INFORMATION PROVIDED below:

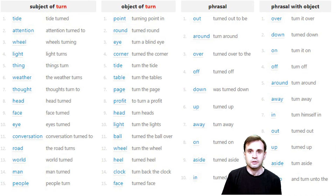You can turn a particular age, and a lot more. This verb is regular: TURN.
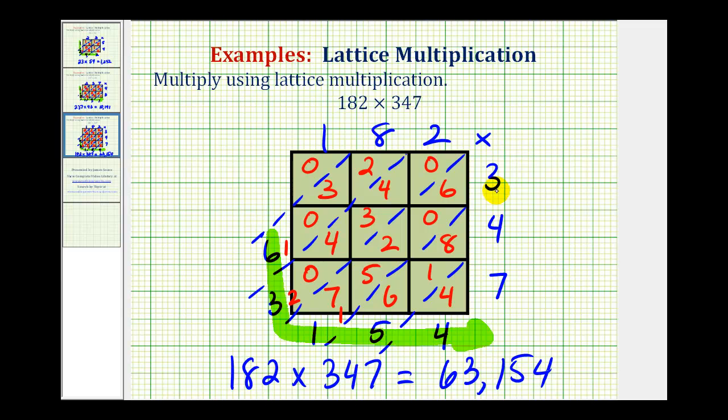And this is how you perform lattice multiplication to find the product of whole numbers. I hope you found this helpful.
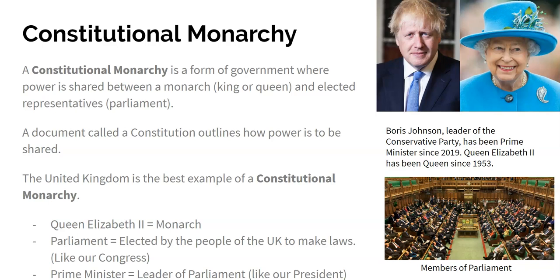The government of England is called a constitutional monarchy. It's a form where the power is shared between the monarch — the king or queen — and elected representatives called parliament. A document called a constitution describes how the power should be shared. There are many examples of this all over the world, but the UK is the best and most famous one. The monarch at the moment is Queen Elizabeth II. She's been the monarch since 1953 and has what's called symbolic power — she goes to events, makes speeches, and cuts ribbons.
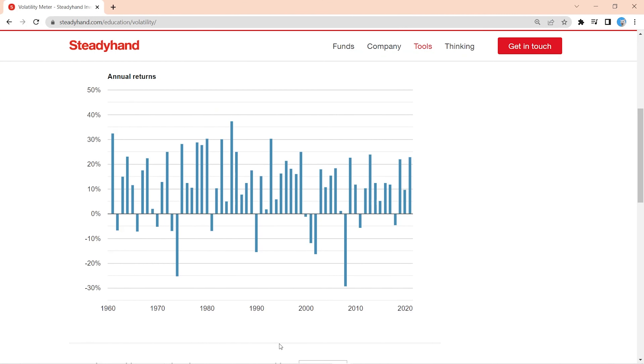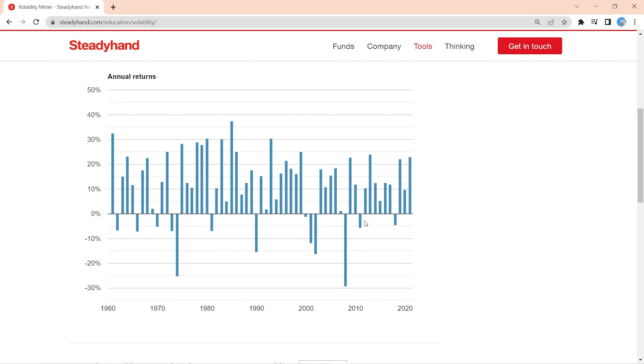The tool is also useful when stocks are falling as they have been recently, because when you look at this chart, you're reminded that markets have fallen throughout history. It happened in 2008, as we just mentioned, but they also fell in 2000, 2001, 2002, 2011, and even 2018. And it's something I can guarantee will happen again. Those downswings are just what we have to bear to enjoy longer-term results.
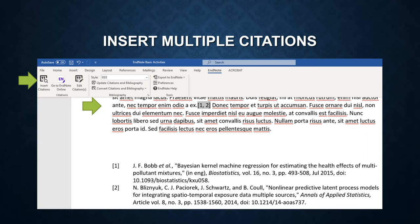In this example, you can see the EndNote generate an in-text citation and also generate the second citation following the first citation.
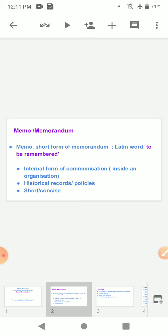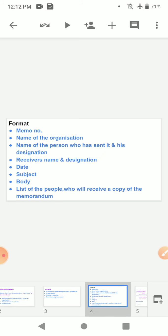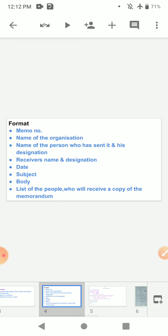We write memorandums between seniors and juniors or between the boss and staff members to inform the reader of a specific purpose or information, to prompt action or reaction to a situation, and sometimes to give a report.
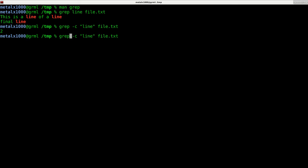I can also do dash i, which would make it case insensitive, which adds an extra line in there. So it's not actually counting the number of matches. It's counting the number of lines it's returning that have matches on it, just as if you were to pipe it into wc with a dash L argument.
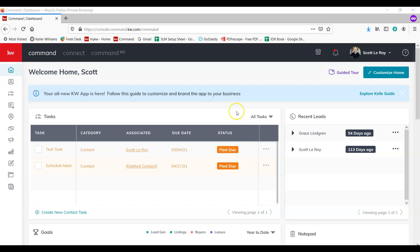So the first thing you're going to want to do is come over to the designs tab here on the left. It kind of looks like a canvas with a paintbrush. We're going to select that.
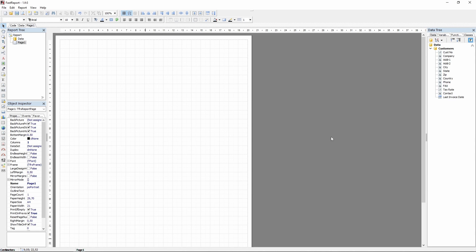Hello and welcome to the FastReports Academy. In this video I will show you the basics of building a report within FastReport VCL.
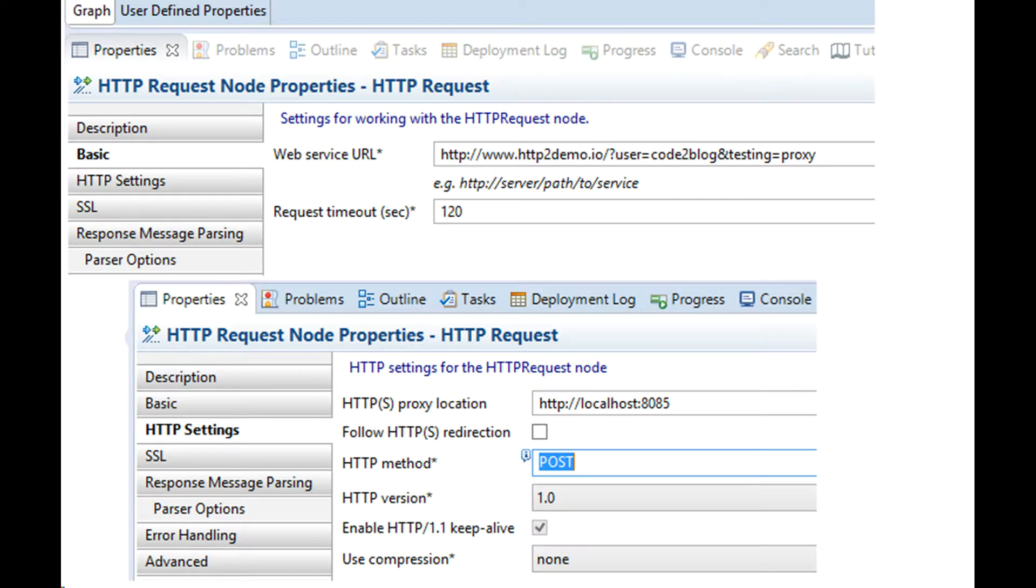I now configure my IIB application to use proxy server. I have set a HTTP URL with query parameters which will help identify my IIB traffic.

End of INFORMATION PROVIDED.

=== ACTION ITEM ===
Copy the records shown above in their entirety and exactly; images are to be left out.

=== TASK ANSWER ===
You can turn a particular age, and a lot more. This verb is regular: TURN.
And this is how you perform lattice multiplication to find the product of whole numbers. I hope you found this helpful.
The government of England is called a constitutional monarchy. It's a form where the power is shared between the monarch — the king or queen — and elected representatives called parliament. A document called a constitution describes how the power should be shared. There are many examples of this all over the world, but the UK is the best and most famous one. The monarch at the moment is Queen Elizabeth II. She's been the monarch since 1953 and has what's called symbolic power — she goes to events, makes speeches, and cuts ribbons.
The tool is also useful when stocks are falling as they have been recently, because when you look at this chart, you're reminded that markets have fallen throughout history. It happened in 2008, as we just mentioned, but they also fell in 2000, 2001, 2002, 2011, and even 2018. And it's something I can guarantee will happen again. Those downswings are just what we have to bear to enjoy longer-term results.
In this example, you can see the EndNote generate an in-text citation and also generate the second citation following the first citation.
We write memorandums between seniors and juniors or between the boss and staff members to inform the reader of a specific purpose or information, to prompt action or reaction to a situation, and sometimes to give a report.
I can also do dash i, which would make it case insensitive, which adds an extra line in there. So it's not actually counting the number of matches. It's counting the number of lines it's returning that have matches on it, just as if you were to pipe it into wc with a dash L argument.
So the first thing you're going to want to do is come over to the designs tab here on the left. It kind of looks like a canvas with a paintbrush. We're going to select that.
Hello and welcome to the FastReports Academy. In this video I will show you the basics of building a report within FastReport VCL.
I now configure my IIB application to use proxy server. I have set a HTTP URL with query parameters which will help identify my IIB traffic.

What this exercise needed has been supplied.